Ad ogni capitolo ho sempre più l'impressione che non ci sarà salvezza per nessuno dei protagonisti (e il plurale maschile non è casuale, perché è vero che le protagoniste sono Lexa e Clarke ma ciascun altro personaggio comparso finora è curato talmente tanto e bene, che non lo si può considerare semplicemente "contorno"). Ad ogni capitolo ho sempre meno appigli cui aggrapparmi per sperare in un finale diverso. In questo capitolo c'è solo quel "…soprattutto a lei" di Anya e, molto più labile, il pezzo sull'MP3 di Lexa..potrebbe essere solo la speranza di Clarke, ben più forte della mia, a farlo sembrare un appiglio…

Recensore Junior
05/11/17, ore 23:12
Cap. 32:

Un passo a due. Un dialogo continuo che fluisce dai gesti, dagli effetti e dalla materia collaterali. Perdura anche in assenza dell’una dallo spazio fisico dell’altra. Per questo chiunque altro diventa un comprimario, una presenza offuscata, fumosa sullo sfondo. Solo loro due, anche Finn non esiste, come Clarke, vedo solo Lexa. Ritorna prepotente per me, per tutto il capitolo, la figura di Gia.

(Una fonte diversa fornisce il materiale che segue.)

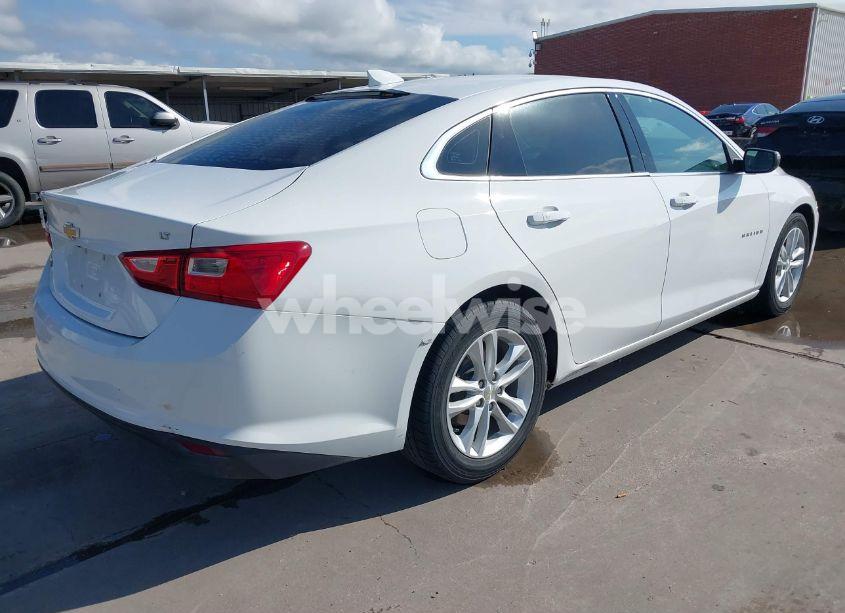 Photo 4 of 2016 Chevrolet Malibu 1LT (VIN 1G1ZE5ST8GF341708)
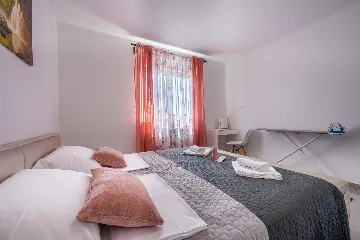 Two-Bedroom Apartment for 5 Guests in Pula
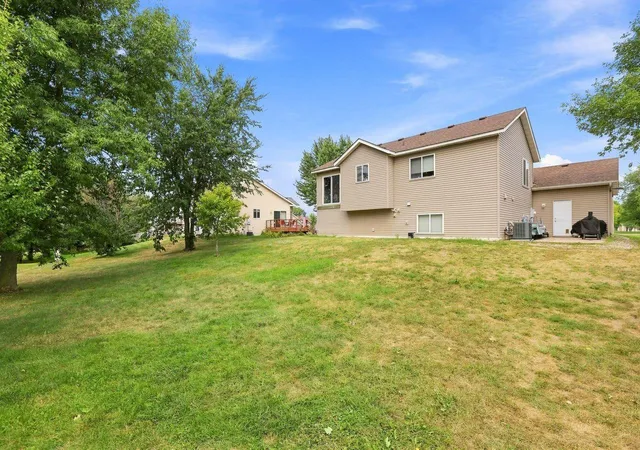 image of 260 Chatter Cir Ne, Kimball, MN 55353 | MLS# 7128567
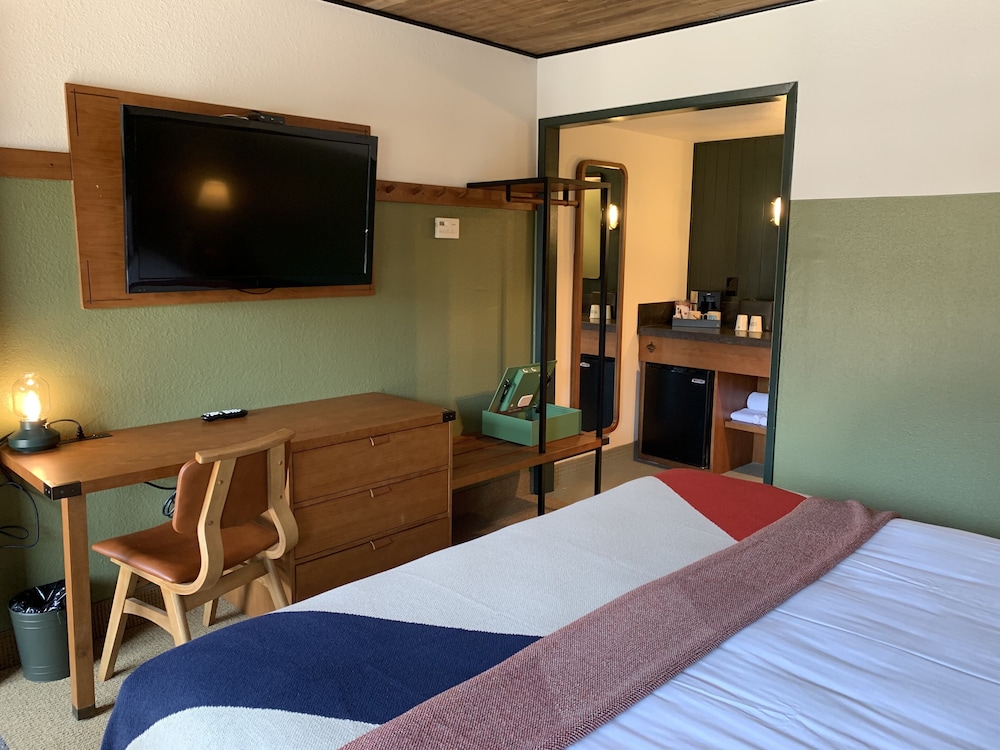 Station House Inn Near Heavenly Gondola - photo 12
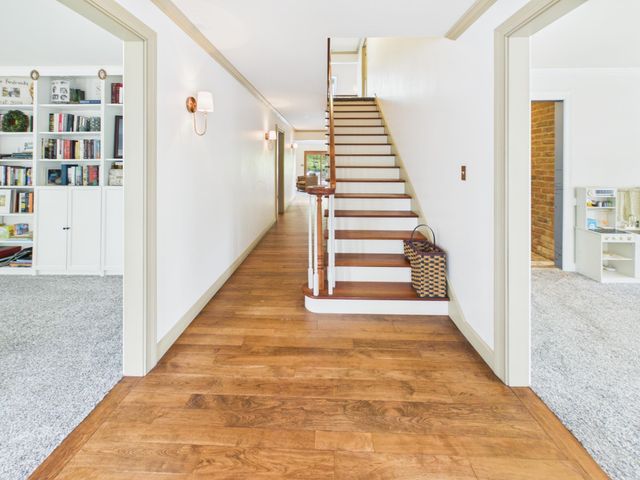 65 Derby Lane, Huntington, WV 25705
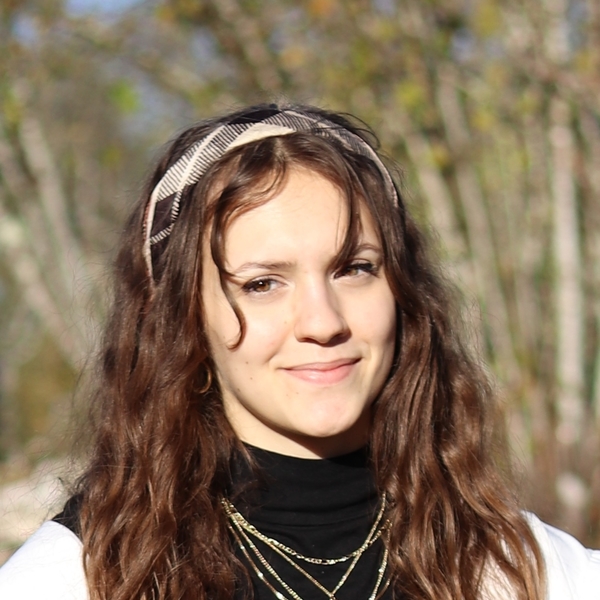 Julie - Prof de maths - Dijon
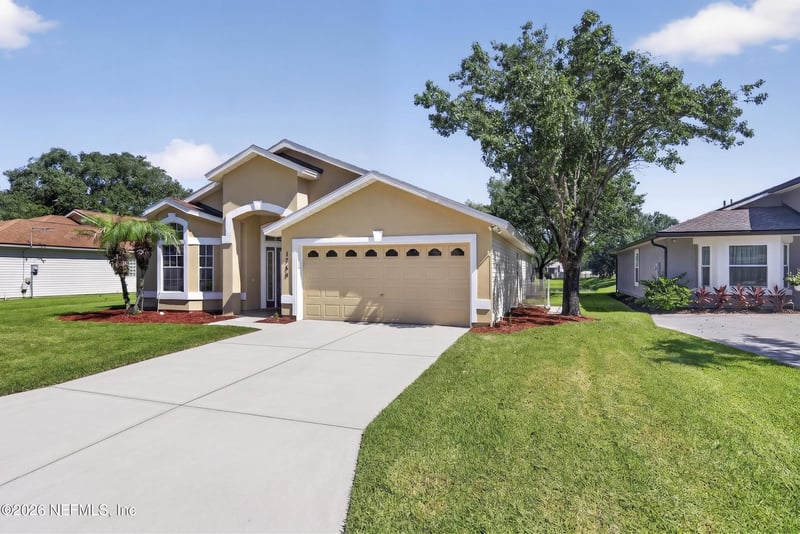 1760 Moss Creek Dr, Fleming Island, FL 32003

Clarke dipinge Lexa e al contempo ricopre il proprio corpo. Tolto il vestito protettivo del litio, indossa una nuova pelle dipinta a strati di metamfetamina che la trasformano in una belva, intenta a graffiare con i propri artigli, a lacerare brandelli di Lexa. Sembra quasi di essere sul punto di assistere ad un ribaltamento di “posizione” tra le due e temo il momento in cui la serotonina tradirà Clarke. Gli eventi porteranno Lexa ad osare? Ho la sensazione che possa cadere a pezzi, all’improvviso. Le exit wounds hanno forme diverse. Lexa non è un proiettile rimasto incastrato da qualche parte dentro Clarke e nemmeno una lama conficcata nella sua carne. E’ una freccia che l’ha trapassata ed è stata tirata dalla parte sbagliata nel tentativo di toglierla.
Sì, l’arabo si scrive partendo da destra e procedendo verso sinistra. Quando mi sono fratturata un dito, ho dovuto utilizzare la mano sinistra, scoprendo così la parte di foglio solo quando andavo a scriverla. In questo racconto accade anche questo, come per la “calligrafia” che non è solo un abbellimento o un fattore estetico. Le parole assumono un significato ben preciso perché poste in quella collocazione, con cura, quasi con devozione.
Le parti di testo si intarsiano con la narrazione, “recitano” le emozioni. Quelle che non è in grado di pronunciare Lexa, quelle che rischiano di frantumare Clarke.
I teli sono due schermi bianchi sui quali il colore scivola via senza lasciare traccia.